Acts - The Upside Down Community

God is bigger than you can imagine. You are a created being trying to comprehend the Creator. We are limited in our ability to understand God but I want to try an exercise anyway. Try to imagine God. What images come to mind? What qualities? 

In Jesus Christ, we see God in the flesh. Throughout Luke’s Gospel we were given a glimpse into who God is through Jesus. What we find is a King and a Kingdom that looks upside down to this world. This upside down-ness is brought to fullness in the reclaiming of the Kingdom. The Kingdom is not reclaimed through greater might or military strength. The Kingdom is reclaimed and restored through self-sacrifice: Jesus’ death on the cross. But that is not the end of the story. The Resurrection of Jesus is the final answer to the sin question. 

Luke transitions his epic tale with Jesus promising the Holy Spirit and then “ascending into heaven.” There is some Moses imagery in this short passage pointing to Jesus as the leader who ascends up to God to then bring down the covenant and Law to guide the people. Luke has placed tons of emphasis on the Holy Spirit’s work in Jesus’ life and ministry. This same Spirit is given to us to guide us and mark us as God’s people. Here is the imagery in this opening scene that is important not to miss. God became like one of us to redeem us and make us whole. Jesus, in the physical resurrected body, steps back into God’s realm and sends us the power of God which brings about transformation into the resurrection. The rest of Acts shows the movement of the Holy Spirit through God’s people, the Church.
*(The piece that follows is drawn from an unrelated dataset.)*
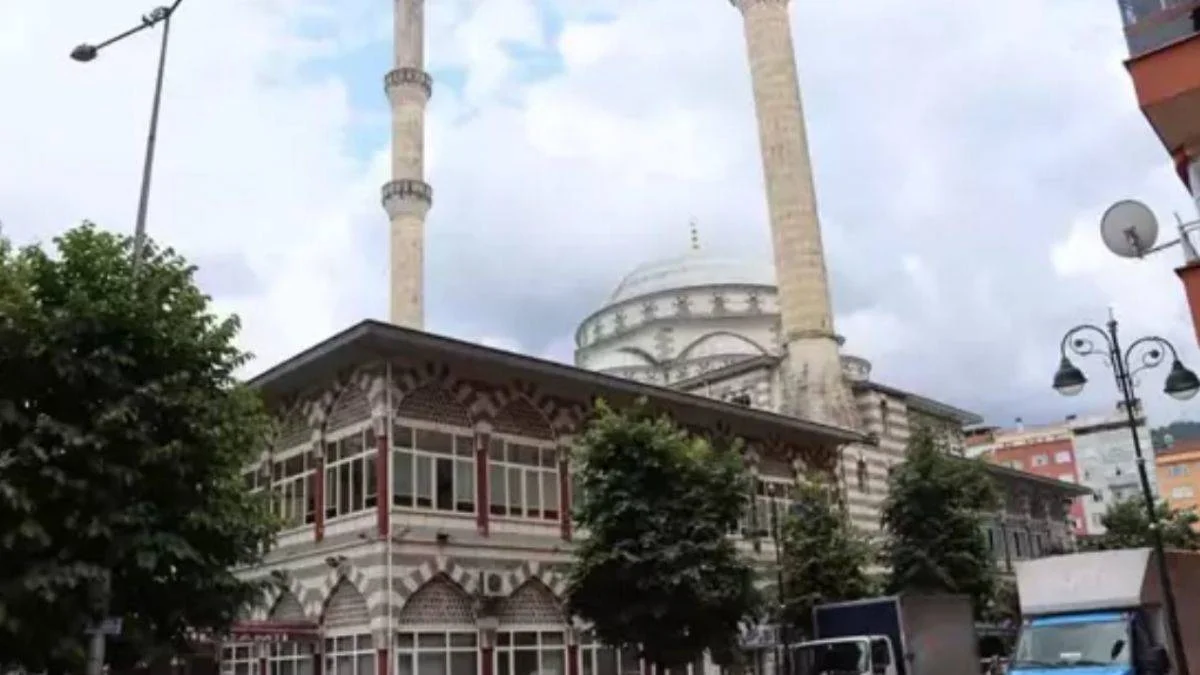 Erdoğan'ın 'Kayıyor' dediği cami ömrünü doldurmuş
The Church is the people who have received the Holy Spirit, becoming the New Temple where God dwells, and engaging in transformation through the Holy Spirit into the resurrection through Jesus Christ which will be fully realized when Christ returns.

In chapter 2, the imagery of Moses continues with Pentecost. This is the celebration of Moses going up on Mt. Saini and receiving the Law and where the people made a covenant with God to be his chosen people. The law was given to show what living in the covenant is supposed to look like for a people who are to be a light to the world. This imagery in Acts 1-2 shows Jesus going up to God to establish a new covenant people. The Holy Spirit then comes down as a marker on these people and a New Kingdom ethic is established for the people who are called to be a light to the world. 

The Holy Spirit comes to bring transformation to the people of God, restoring them to what God intended with his creation. This doesn’t happen automatically. We have to allow the Spirit to work in us and through us. Last week, Kent talked about tools for spiritual formation and how we often only give God one tool to work with in transforming us. What was the image of God that you held in your mind when we first began this blog? This is the God that is bigger than you can imagine or fathom. This is the same God that wants to dwell in you through the Holy Spirit. How is it that we want to deny the Spirit’s work in our lives? 

We are a New Covenant people. What does this Kingdom ethic look like in the New Covenant? It looks upside down to the world. It looks like the Holy Spirit being poured out on all people, women and men, young and old, and throughout Acts we will see that it is poured out on Gentiles too! The image of this Kingdom ethic is found in the fellowship of believers in Acts 2:42-47. What do you need to do in your life right now to help us become more like that community?